Oh yes, such a draconian infringement!

Let’s take a look at the law, shall we? There are two major provisions. One prevents the publication of home addresses and personal information with the intent that others engage in criminal actions:
422.4.(a) Any person who publishes information describing or depicting an academic researcher or his or her immediate family member, or the location or locations where an academic researcher or an immediate family member of an academic researcher may be found,with the intent that another person imminently use the information to commit a crime involving violence or a threat of violence against an academic researcher or his or her immediate family member, and the information is likely to produce the imminent commission of such a crime, is guilty of a misdemeanor, punishable by imprisonment in a county jail for not more than one year, a fine of not more than one thousand dollars ($1,000), or by both a fine and imprisonment.
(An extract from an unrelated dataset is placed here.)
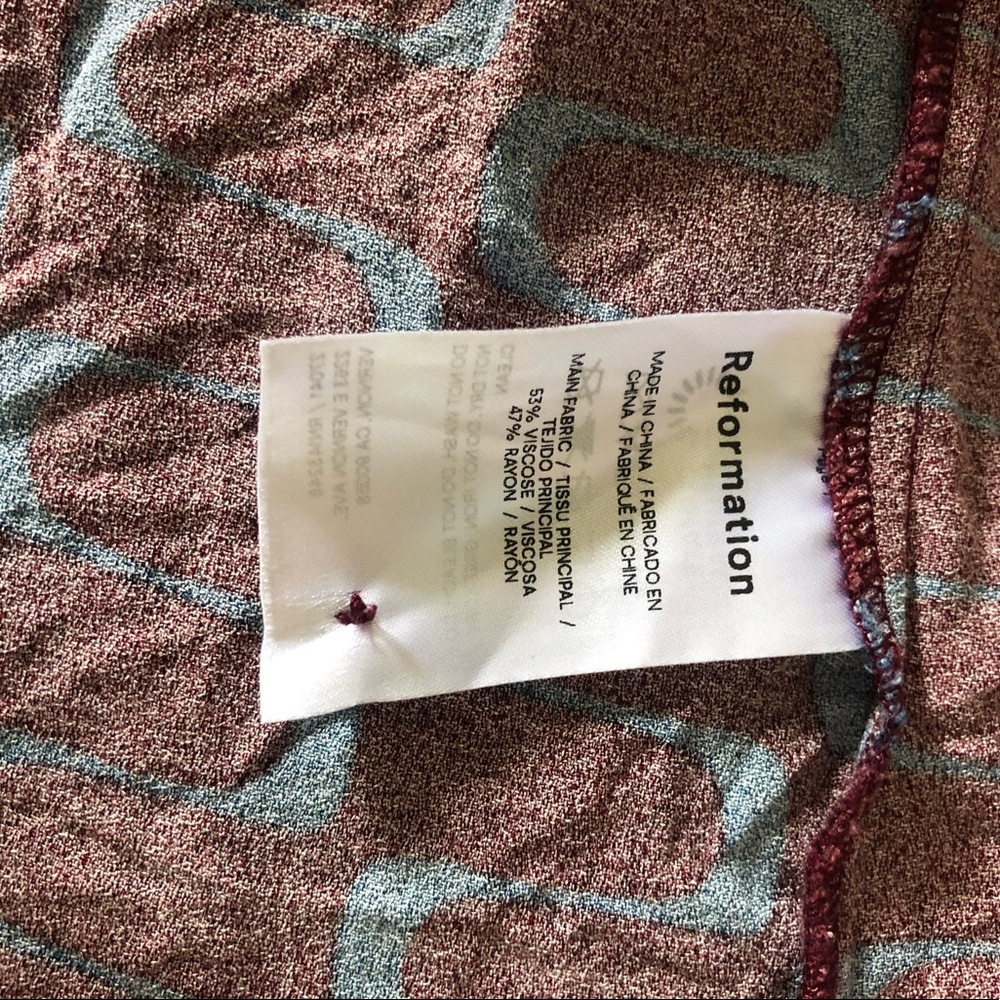 NWOT Reformation Gavin Dress in ‘Marooned’ Size 8 - Picture 8 of 10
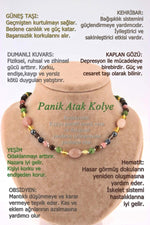 Rodokrozit Dumanlı Kuvars Güneş Taşı Kehribar Obsidyen Yeşim Hematit Kaplan Gözü Panik Atak Kolyesi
Gee, I wonder why such a law would be necessary. Recall recently that anonymous terrorists published the addresses of two UC Santa Cruz researchers in pamphlets left in coffee houses. A few days later, the house of one was fire bombed—with terrified children having to escape down a ladder from the smoke filled house, and the car of another was bombed.

Here’s the second key provision:
602.12. (a) Any person who enters the residential real property of an academic researcher for the purpose of chilling, preventing the exercise of, or interfering with the researcher’s academic freedom is guilty of trespass, a misdemeanor.
Entering someone’s property isn’t speech in anybody’s book—except fanatics who care less about law, decency, respect for divergent views, tolerance, and comity.